Another approach, since as Hueco mentions in his answer, this detail is blown out and unrecoverable - is we can try to reduce it's impact by attempting to darken some of the blurred "halo" effects that surround the bright reflections. The process here is not too dissimilar to manually performing an unsharp mask.

I'm going to focus on this one section, as it's easier to see what's happening on a small section.

First step is to take it, and threshold out anything that's not pure white:

Blown out blurry snippet of string instrumentalist Threshold on blown out pixels, same image as before

At this point, we can see how much is actually blown out. Next steps are to invert the colors, and blur the resulting threshold into a mask. The guassian blur here determines how far out we'll be correcting/darkening the original image. I use ~20px of blur here, which is quite a lot.

Next step is to apply this mask as a multiply layer.

Blurred mask Resulting image

Comparing the first and last images:

Blown out blurry snippet of string instrumentalist Resulting image

And here's a gif showing the change across the full image: Animated gif showing before and after

  • 1
    \$\begingroup\$ Subtle, yet a world of difference! \$\endgroup\$
    – OnBreak.
    Feb 14, 2019 at 23:09

Others have covered rather well your very limited post processing options. Of course the best way is to shoot the image with the proper exposure to begin with.

While this doesn't really answer the question directly, it is far too long for a comment. The following does respond to a comment by the OP to another answer.

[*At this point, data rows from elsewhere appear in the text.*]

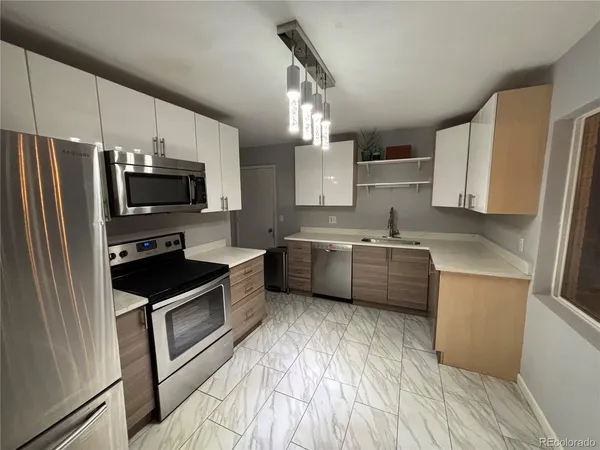 a kitchen with stainless steel appliances a refrigerator sink and microwave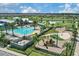 Aerial view of a community pool, splashpad and playground with lush landscaping at 7793 Clove Hitch Way, Orlando, FL 32832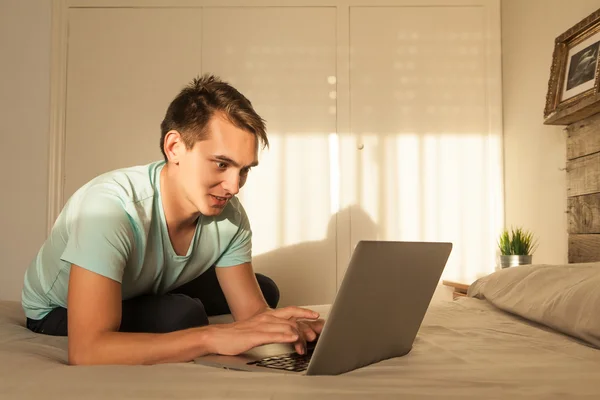 微笑的年轻金发碧眼的男人，在卧室里使用一台笔记本电脑. — 图库照片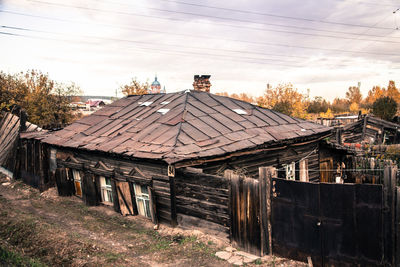 Old house on field by building against sky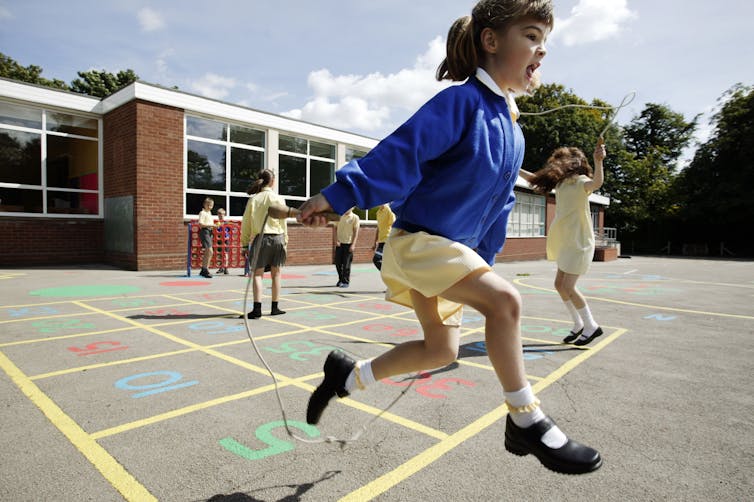 A primary school girl skips in the playground
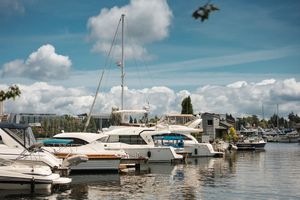 Row of boats and yachts docked at a marina on a sunny day with blue skies and white puffy clouds.
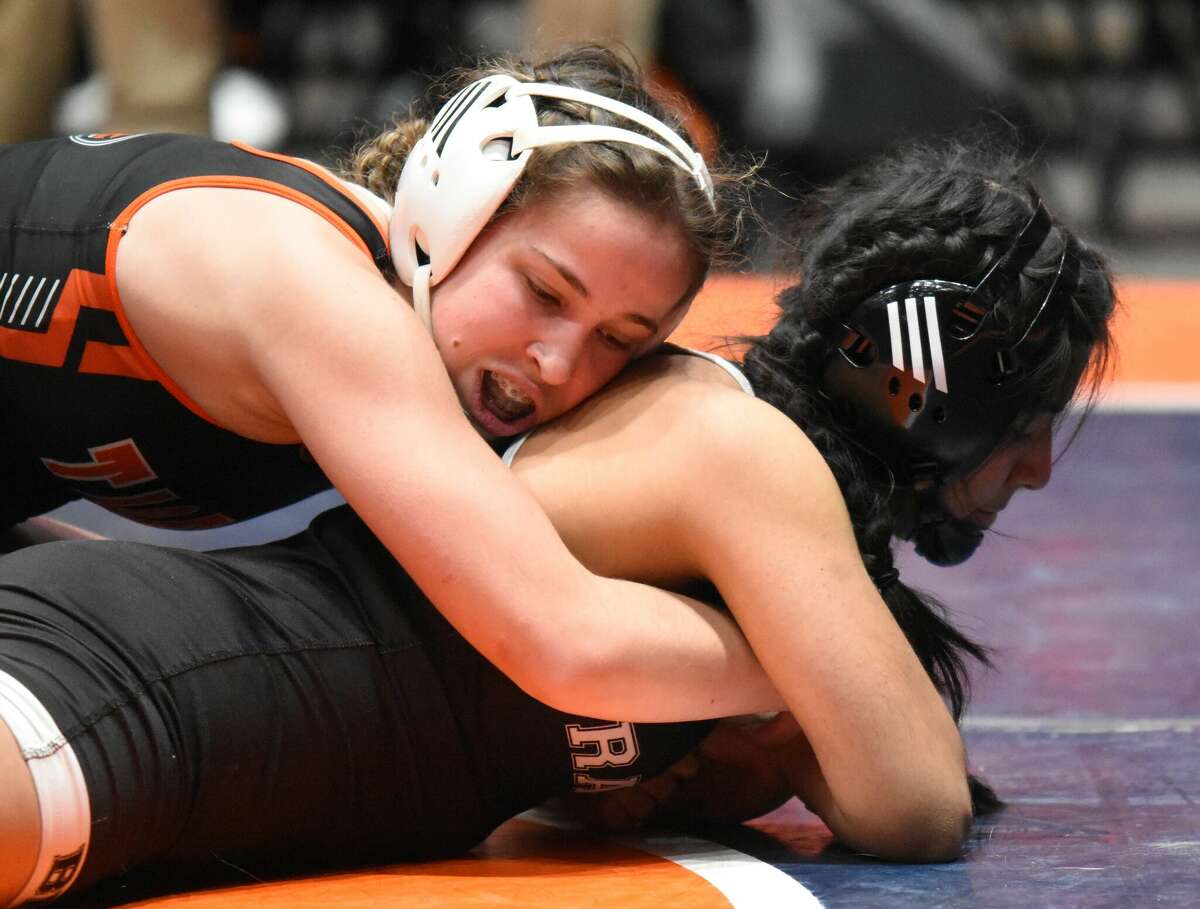 Edwardsville's Abby Rhodes, top, holds down Bolingbrook's Katie Ramirez-Quintero in a consolation semifinal match of the 130-pound bracket at the state tournament on Saturday in Bloomington.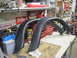 2005 Ford Excursion - Fender flares are displayed on a workbench in a garage setting, surrounded by various tools and automotive parts.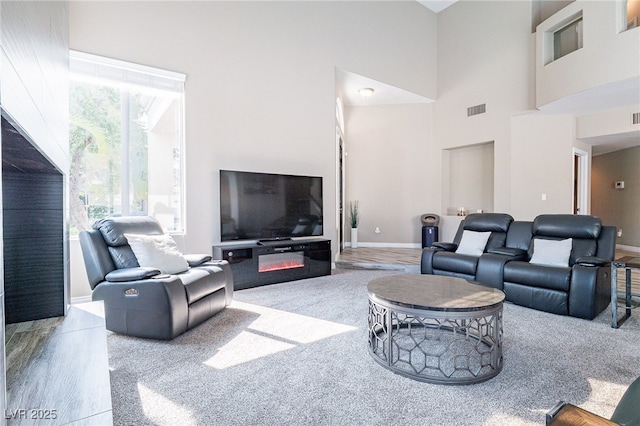 living room with baseboards, a high ceiling, visible vents, and wood finished floors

Thanks! I've learned a whole lot, although I'm starting to realize the solution might just to get better photographers

It's actually pretty easy to shoot in such a situation. Always save raw data when dealing with such differences in brightness between the brightest whites and the dark black. Manually adjust exposure until the white sheet music on the conductor's stand is just blowing out, as indicated by the "blinkies" on your camera's LCD screen when reviewing the image. Saving raw give you another stop or so of headroom above what the "blinkies" are telling you is overexposed. Everything else you can bring back up when processing the raw.

This one was taken after the conductor's stand was moved for the posed shot at the end of a concert, but exposure was manually set earlier for the tripod mounted camera¹ using the conductor's score for the brightest highlights.

enter image description here
Canon EOS 5D Mark II, EF 50mm f/1.4, ISO 1600, f/4, 1/160 second. Image was cropped slightly before being resized for web viewing.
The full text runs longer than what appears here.